Water in the Desert: Oak Flat Edition




Oak Flat watering hole

Originally uploaded by heinemanfleck.

Lissa made a great discovery yesterday morning while we were walking in the woods at Oak Flat, in the Manzano Mountains east of town.

The big thing in the background of the picture that looks like a UFO is a big cistern, with a flared top to catch rain and snow. The collected water feeds a pipe to the little metal watering hole in the foreground. (That’s me, to the left, for scale.)

It’s at about 7,500 feet elevation (2,300 meters). In the state of nature, before we came and altered the system, this would have been an open Ponderosa pine forest – widely spaced trees with an open understory. A century of grazing and wildfire control has turned most western forests of this type into scraggly doghair thickets of little tiny trees. But the area north of the Oak Flat picnic area has bee cleared into an open forest again that is beginning to resemble what it must have once looked like.
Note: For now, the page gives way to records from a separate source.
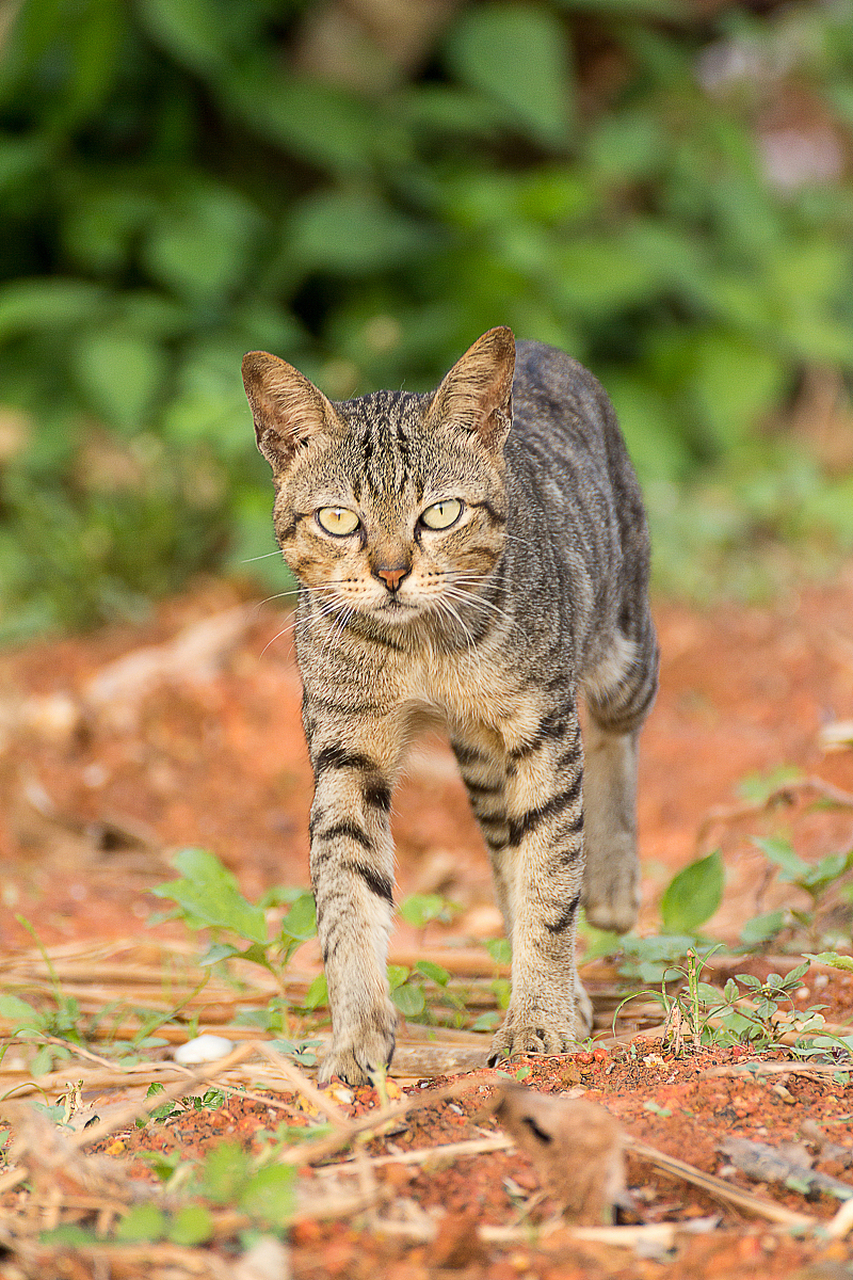 狸花猫长啥样图片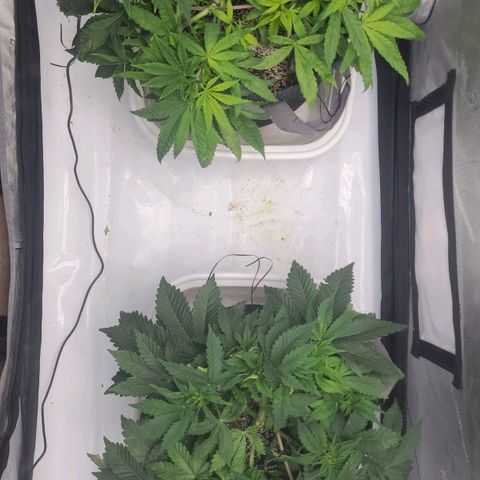 Kush Mintz #1 growlog timeline photo
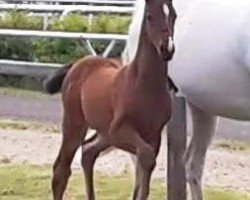 stallion CordyCart (Hanoverian, 2015, from Cordynox)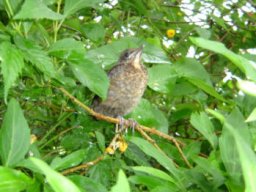 Oiseaux et basse-cour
The nearest site I could find with a long term climate record is the ranger station down the hill, which averaged 15 inches (38 cm) of rain a year when they were collecting data. So it’s arid, but not a desert. It’s dry enough, though, that if you add a bit of water, you can really see the difference.

We’d been looking at birds while we walked, and saw a few fun ones – some little nuthatches, and a soaring bald eagle flying low, just above the tree tops. But when Lissa spotted the watering hole, we wandered over and realized we were in bird city.

A little dark-eyed junco was drinking when we walked up. It eyed us warily, then kept drinking. A pair of sapsuckers were poking at the trees right around the watering hole. A jay and a couple of flickers flew in. But the most interesting birds of all took us a while to figure out. Lissa spotted them first, a little flash of red in the trees. After staring a while, I got a glimpse in silhoutte and saw their strange bills – red crossbills. As we sat, we saw more and more – a flock of maybe a dozen, no doubt passing through on their way south for the winter. They’re a strange bird, no two alike. Except for that distinctive beak.

Give the birds water, and they’ll be happy.

One Comment

  1. Priceless trip you described where you found the birds at the watering hole and then stumbled upon some crossbills too. wow what a day. Thanks for sharing the cistern water collection device also. I enjoyed your style too. Love your site.